Total RNA was extracted using miRNeasy Mini Kit (Qiagen). cDNA was synthesized from 1 μg total RNA by using a qScript cDNA Synthesis kit (Quanta Biosciences) and mRNA expression was determined by qPCR using iTaq Universal Probes Supermix (Bio-Rad). Relative expression of the transcripts was determined according to the ΔΔCt method using actin or RPL19 as reference for normalization. Primers used were as follows: cxcl2-F, CCCAGACAGAAGTCATAGCCAC; cxcl2-R, GCCTTGCCTTTGTTCAGTATC; tlr4-F, TGGCTGGTTTACACATCCATCGGT; tlr4-R, TGGCACCATTGAAGCTGAGGTCTA; B-actin-F, CACCACACCTTCTACAATGA; B-actin-R, GTCTCAAACATGATCTGGGT.

Reactive oxygen species measurement

The ROS levels were examined in lung samples using a commercially available assay (In Vitro OxiSelect Assay Kit, Cell Biolabs). Briefly, we homogenized the lung tissue obtained at the different time points during the lung transplantation (native donor lung before reperfusion, cold ischemia, warm ischemia, 30 minutes after reperfusion) according to the manufacturer’s recommendation and resuspended it in the assay buffer. The cell-permeable fluorogenic probe was then used to assess the ROS levels. Fluorescence was read on a Spectramax plate reader.
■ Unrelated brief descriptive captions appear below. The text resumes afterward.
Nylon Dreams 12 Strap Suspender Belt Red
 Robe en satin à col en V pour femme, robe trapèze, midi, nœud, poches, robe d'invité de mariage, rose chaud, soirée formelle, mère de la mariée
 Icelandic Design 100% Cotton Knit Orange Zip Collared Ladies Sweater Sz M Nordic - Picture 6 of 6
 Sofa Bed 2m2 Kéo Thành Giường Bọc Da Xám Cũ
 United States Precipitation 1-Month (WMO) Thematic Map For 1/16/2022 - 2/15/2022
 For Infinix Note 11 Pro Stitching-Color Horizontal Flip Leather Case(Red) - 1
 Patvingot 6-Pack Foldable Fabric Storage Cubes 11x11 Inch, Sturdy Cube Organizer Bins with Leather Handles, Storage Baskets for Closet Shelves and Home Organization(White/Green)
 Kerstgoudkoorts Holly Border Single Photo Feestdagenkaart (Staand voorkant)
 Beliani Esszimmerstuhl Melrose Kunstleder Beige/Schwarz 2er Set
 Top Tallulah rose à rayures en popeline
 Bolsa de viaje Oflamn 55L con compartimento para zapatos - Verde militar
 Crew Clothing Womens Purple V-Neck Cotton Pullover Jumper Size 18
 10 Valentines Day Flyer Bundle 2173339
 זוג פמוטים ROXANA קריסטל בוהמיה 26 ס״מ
Immunocytochemistry and fluorescence microscopy

We used cytospin to immobilize 10,000–50,000 TRAMs onto slides, where cells were fixed with 4% formaldehyde, permeabilized with 0.5% Triton X-100, and immunostained with anti–PE-TLR4 antibody (BioLegend, clone HTA125). Nuclei were stained with Hoechst 33342 (MilliporeSigma). For immunocytochemistry, cells were imaged using a Zeiss Axioplan 2 fluorescence microscope. Confocal images were acquired using a Zeiss Axio Imager Z2 with ApoTome.2 microscope equipped with Axiocam 503 Mono, X-Cite 120 LED Boost System, and Zen 2.3 software (Carl Zeiss).

Microbiome analysis

Ten BAL washings of donor lungs were obtained in the operating room at the time of organ implantation. Rectal swabs were obtained for 5 of these patients at the same time. Samples were immediately centrifuged to collect cellular DNA and stored at –80° C. Samples then underwent batched genomic DNA extraction, PCR amplification targeting the 16S ribosomal RNA gene, pooling, and high-throughput sequencing with paired-end, 300-base reads on the Illumina MiSeq platform to obtain overall taxonomic compositions of the microbial communities. A sterile swab obtained just before DNA extraction was used for the negative control. Distances for each sample’s overall microbial profile were generated via square root transformation of the relative abundances of each taxon. A nonmetric multidimensional scaling plot was created by using Bray-Curtis dissimilarity through PRIMER version 7 as shown in Supplemental Figure 2. 2D stress was 0.14. An analysis of similarity (ANOSIM) was used to determine statistical similarities among groups.

TRAM viability in vitro

TRAM viability was measured with acridine orange/propidium iodide (AO/PI) nucleic acid binding dyes method, using a Nexcelom cellometer. AO is cell permeable; all stained nucleated cells generate a green fluorescence and PI only enters cells with compromised membranes. Therefore, dying, dead, and necrotic nucleated cells stained with PI generate a red fluorescence. Cell viability was calculated by examining the ratio of the number of live to the number of dead fluorescing cells (Nexcelom).

Statistics

Data analysis was performed using Prism 8 (GraphPad Software). Results are expressed as mean ± SD and the n values for each data set are provided in the figure legends. Statistical significance was assessed by 2-tailed Student’s t test or 1-way ANOVA followed by Tukey’s post hoc test. A P value less than 0.05 was considered significant.

Study approval

All procedures were approved by The Institutional Animal Care and Use Committee (IS00002248) at Northwestern University. Animals received humane care in compliance with the NIH Guide for the Care and Use of Laboratory Animals (National Academies Press, 2011) and the principles of laboratory animal care formulated by the National Society for Medical Research. Human protocol was approved by the Northwestern University Institutional Review Board (STU00106589 and STU00201397). All study subjects provided informed written consent.